Bring 1 3/4 cups water to a boil in a medium saucepan; gradually stir in couscous. Remove from heat; cover and let stand 5 minutes. Fluff with a fork. While couscous stands, steam broccoli florets, covered, for 3 minutes or until tender. Combine couscous, broccoli, onion, and next 10 ingredients (onion through chickpeas), tossing gently.

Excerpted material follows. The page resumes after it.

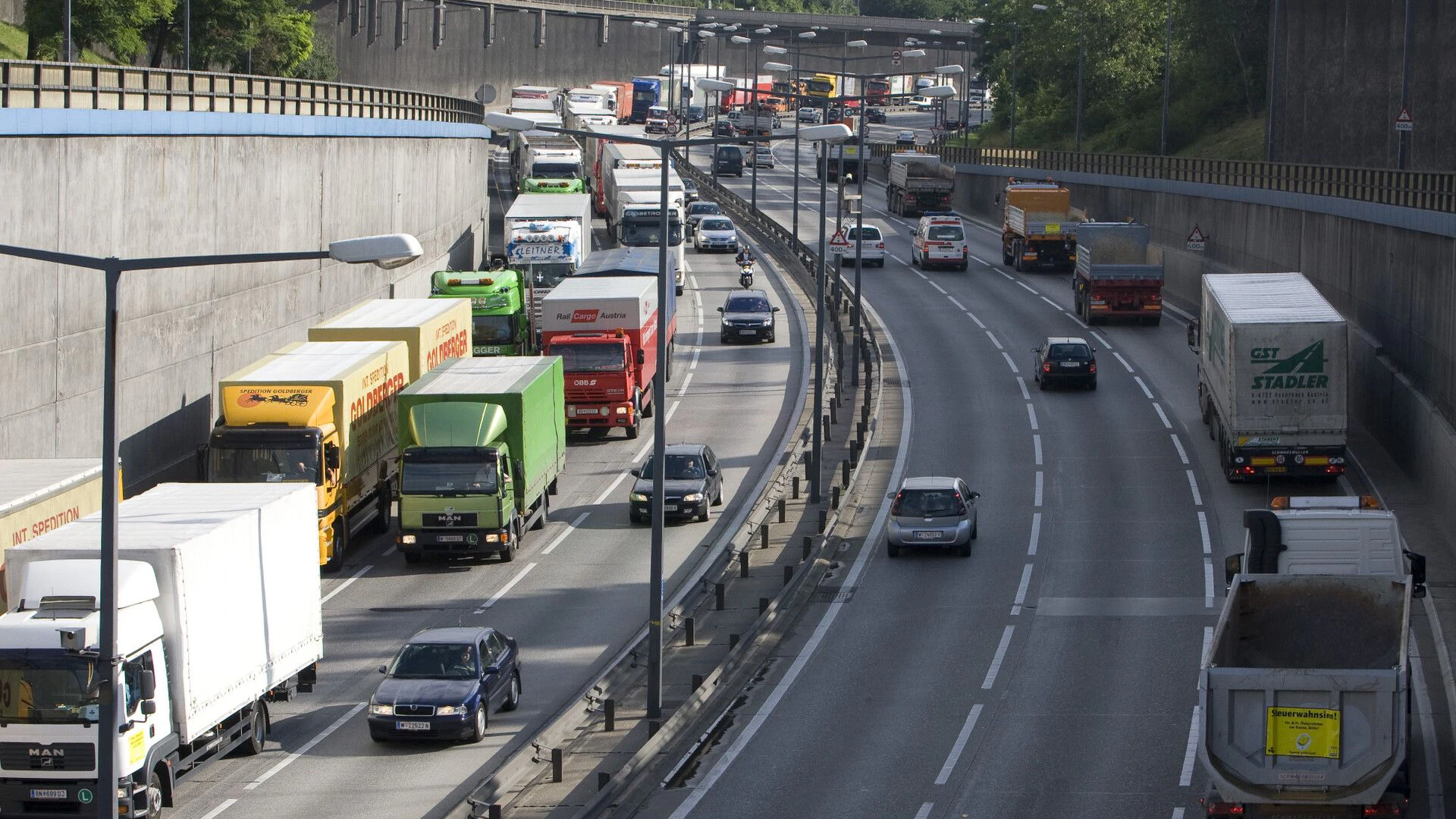 Schauplatz der rasanten Fahrt war die Südosttangente in Wien.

Sprinkle with cheese.


In [8]:
sentence = instructions_sentences[0]
print(type(sentence))
print(sentence)

<class 'spacy.tokens.span.Span'>
Bring 1 3/4 cups water to a boil in a medium saucepan; gradually stir in couscous.


In [9]:
tokens = []
for token in sentence:
    tokens.append({
        'position': token.idx, 'text': token.text, 'pos': token.pos_, 'tag':token.tag_, 'lemma': token.lemma_,
        'alpha': token.is_alpha, 'stop': token.is_stop, 'dep': token.dep_, 'morph': token.morph
    })
S = pd.DataFrame(tokens)

In [10]:
S

Unnamed: 0,position,text,pos,tag,lemma,alpha,stop,dep,morph
0,0,Bring,VERB,VB,bring,True,False,advcl,(VerbForm=Inf)
1,6,1,NUM,CD,1,False,False,compound,(NumType=Card)
2,8,3/4,NUM,CD,3/4,False,False,nummod,(NumType=Card)
3,12,cups,NOUN,NNS,cup,True,False,compound,(Number=Plur)
4,17,water,NOUN,NN,water,True,False,dobj,(Number=Sing)
5,23,to,ADP,IN,to,True,True,prep,()
6,26,a,DET,DT,a,True,True,det,"(Definite=Ind, PronType=Art)"
7,28,boil,NOUN,NN,boil,True,False,pobj,(Number=Sing)
8,33,in,ADP,IN,in,True,True,prep,()
9,36,a,DET,DT,a,True,True,det,"(Definite=Ind, PronType=Art)"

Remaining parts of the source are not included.